[THE PROBLEM]
Word for word, restate the listing that follows and leave out the images.

[INFORMATION SHOWN]
*** Begin section ***
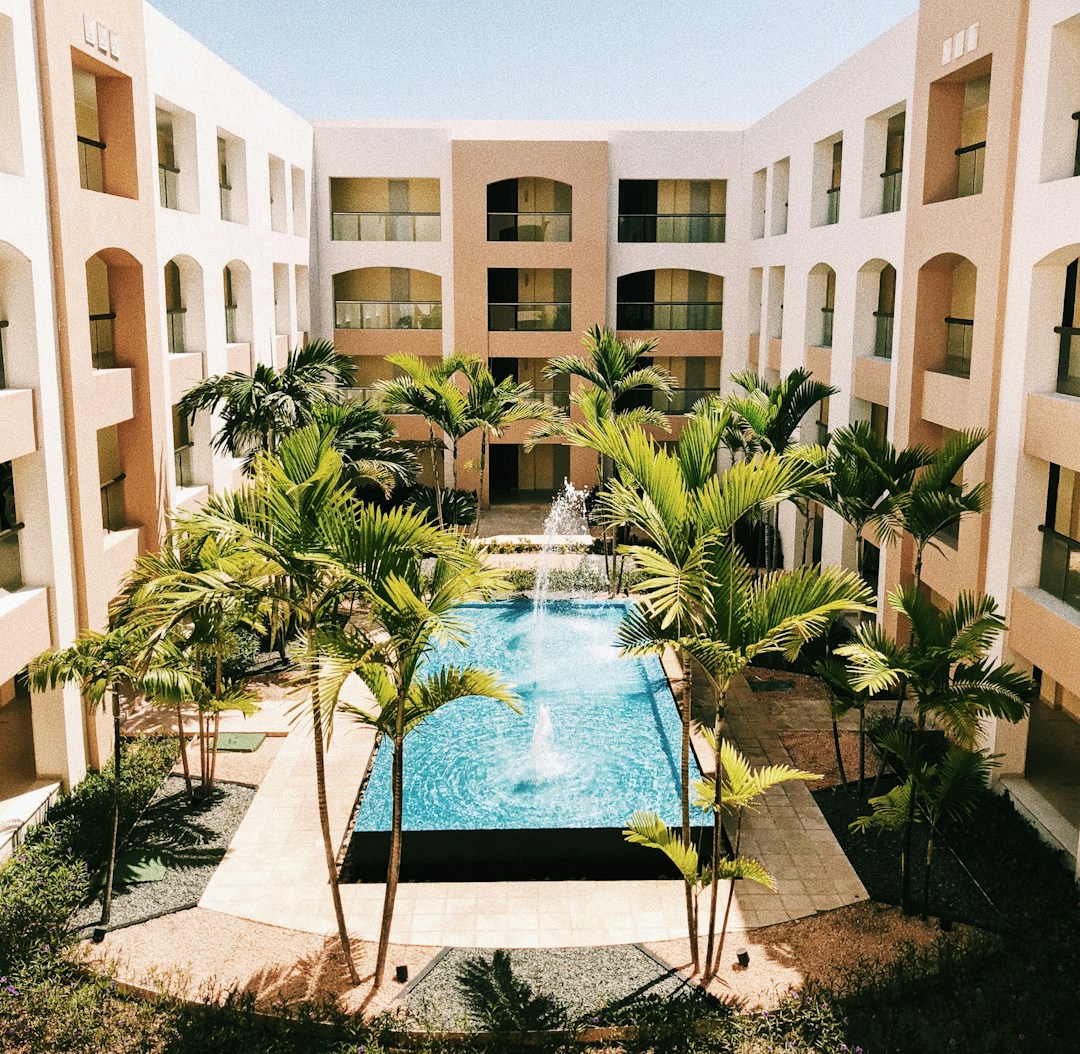 White and brown concrete building White and brown concrete building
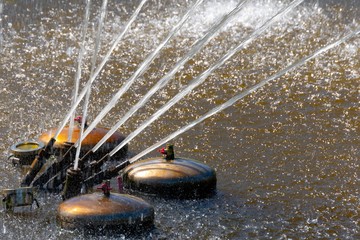 Working fountain nozzles, .streams of water hitting up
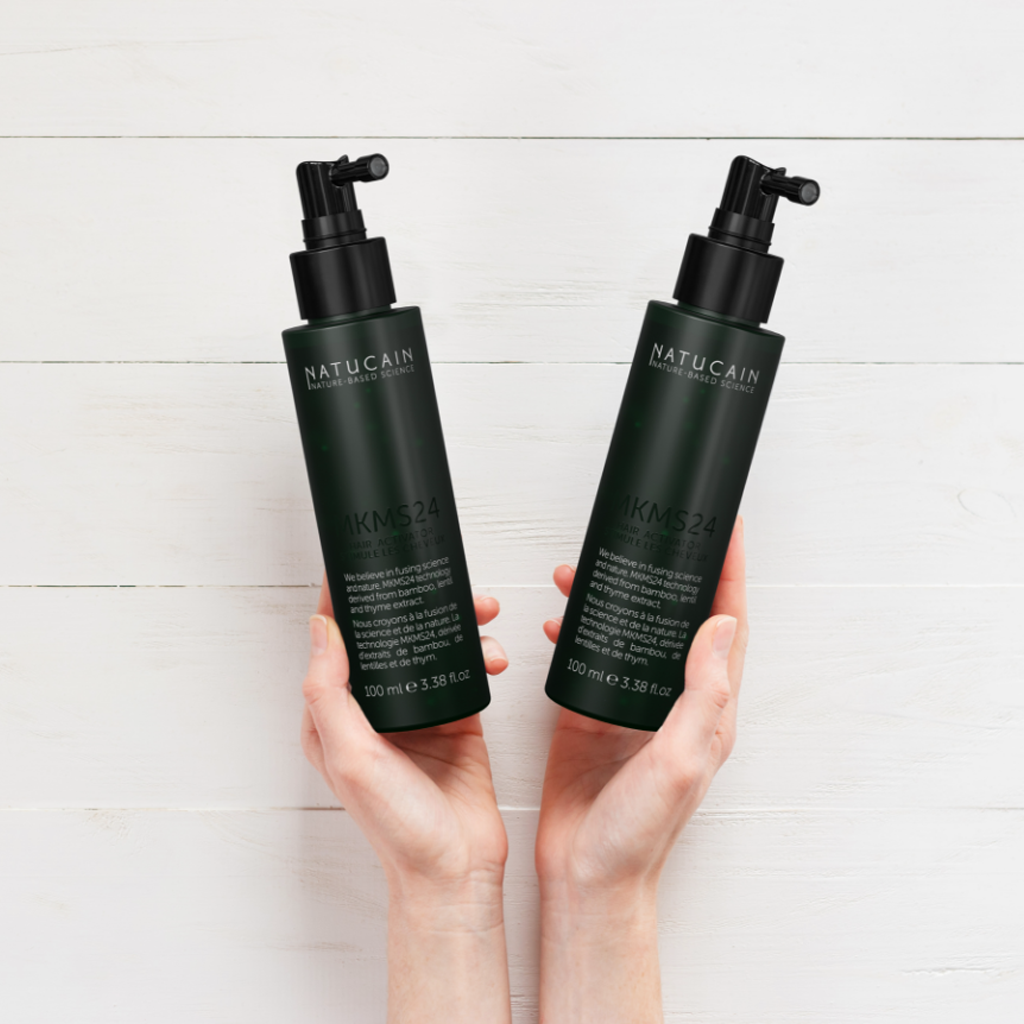 Natucain Hair Activator (100 ml.) two in hand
*** End section ***
[RESULT FOR THIS EXERCISE]
 White and brown concrete building White and brown concrete building
 Working fountain nozzles, .streams of water hitting up
 Natucain Hair Activator (100 ml.) two in hand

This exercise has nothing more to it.